# [PROBLEM DESCRIPTION]
Find the line with "Musclexp Gym Shaker" in the entries below. Repeat it, every following line, and the line with "Manobra inusitada de", exactly and with nothing added.

# [TASK MATERIAL]
____

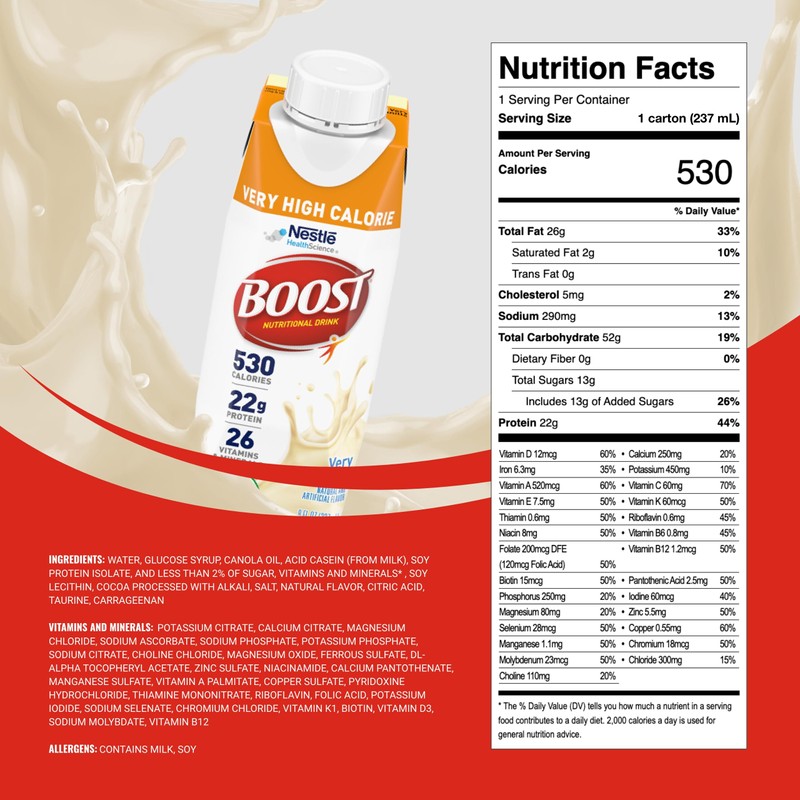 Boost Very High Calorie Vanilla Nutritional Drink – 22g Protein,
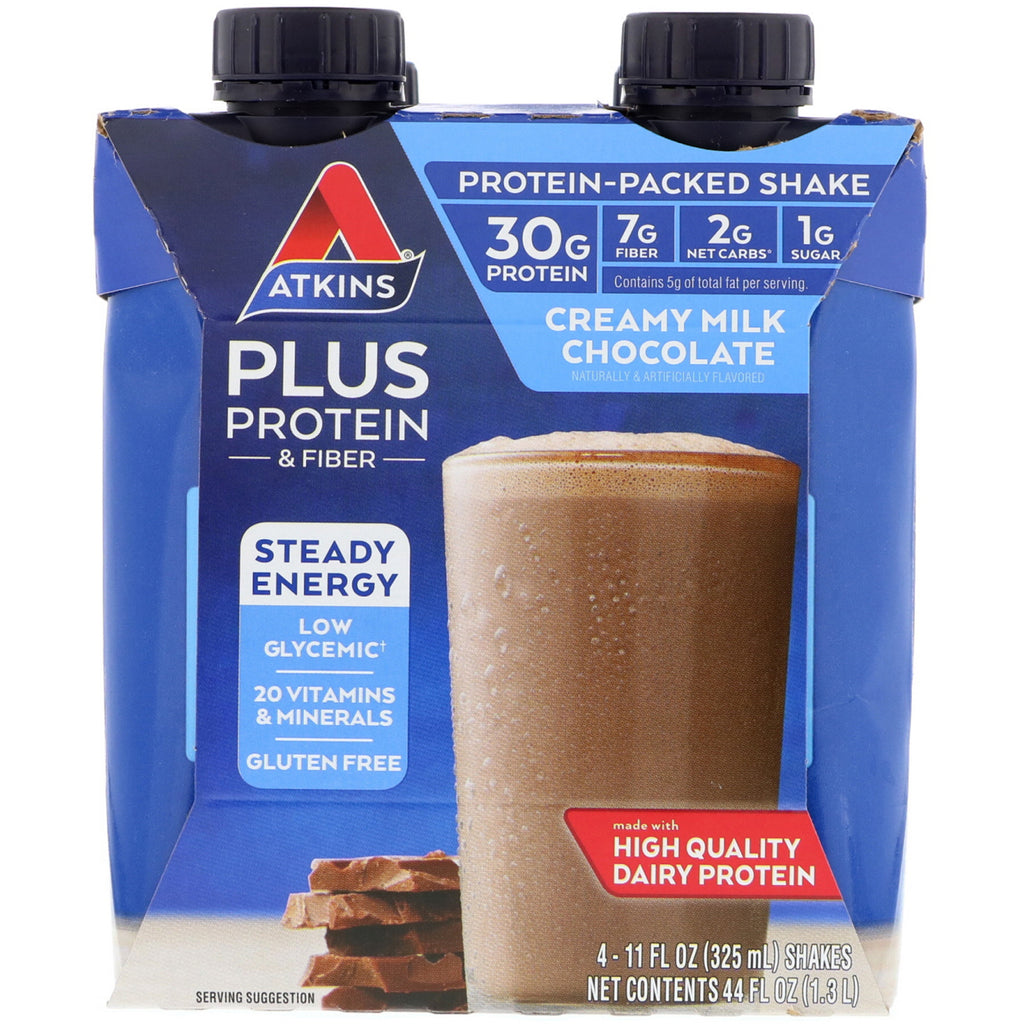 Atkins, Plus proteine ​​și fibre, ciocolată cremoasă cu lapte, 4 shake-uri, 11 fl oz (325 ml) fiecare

____

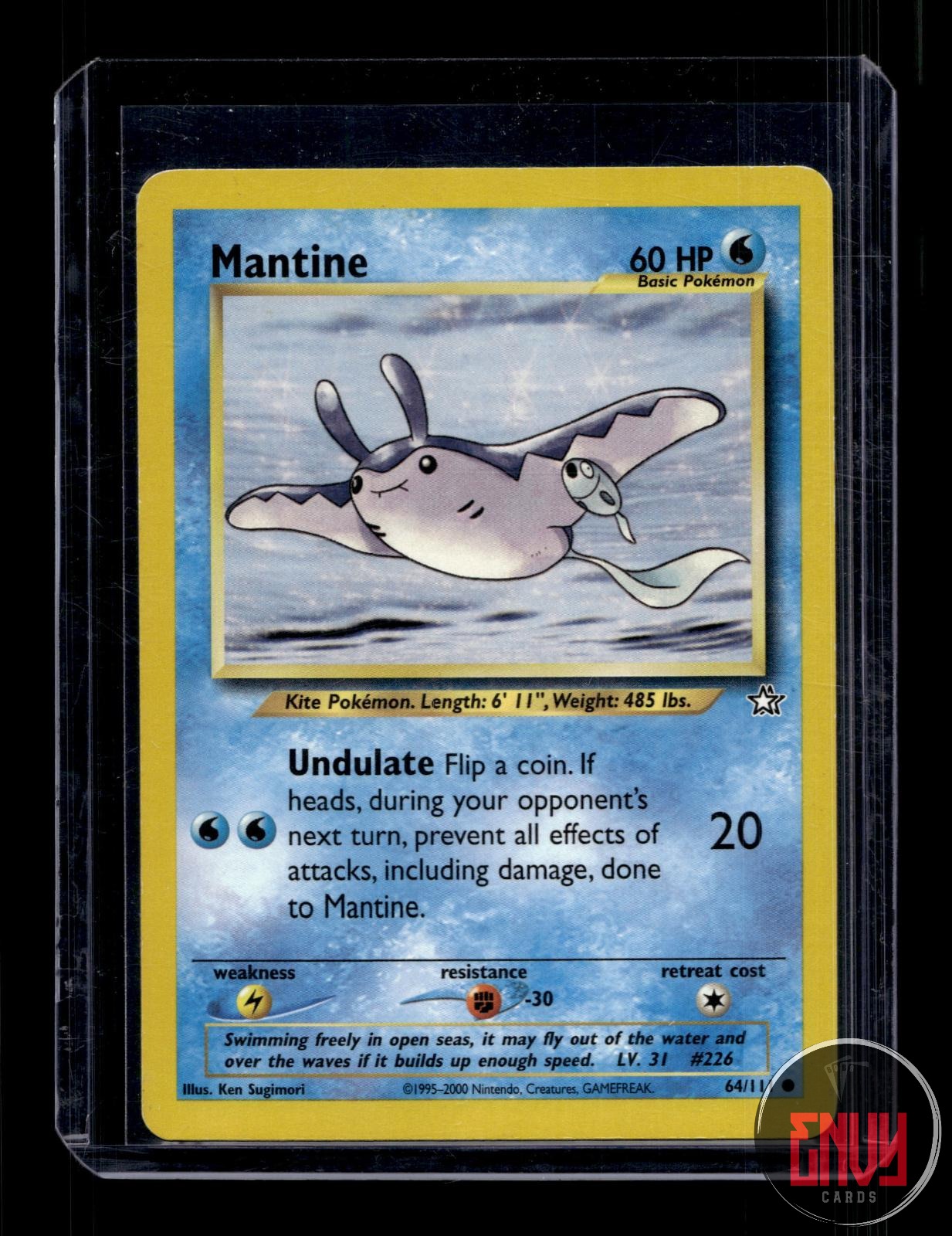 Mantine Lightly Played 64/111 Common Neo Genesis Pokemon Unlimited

____

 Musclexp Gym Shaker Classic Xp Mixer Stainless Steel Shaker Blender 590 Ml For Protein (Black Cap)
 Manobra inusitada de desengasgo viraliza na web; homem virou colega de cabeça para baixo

____

# [SOLUTION]
 Musclexp Gym Shaker Classic Xp Mixer Stainless Steel Shaker Blender 590 Ml For Protein (Black Cap)
 Manobra inusitada de desengasgo viraliza na web; homem virou colega de cabeça para baixo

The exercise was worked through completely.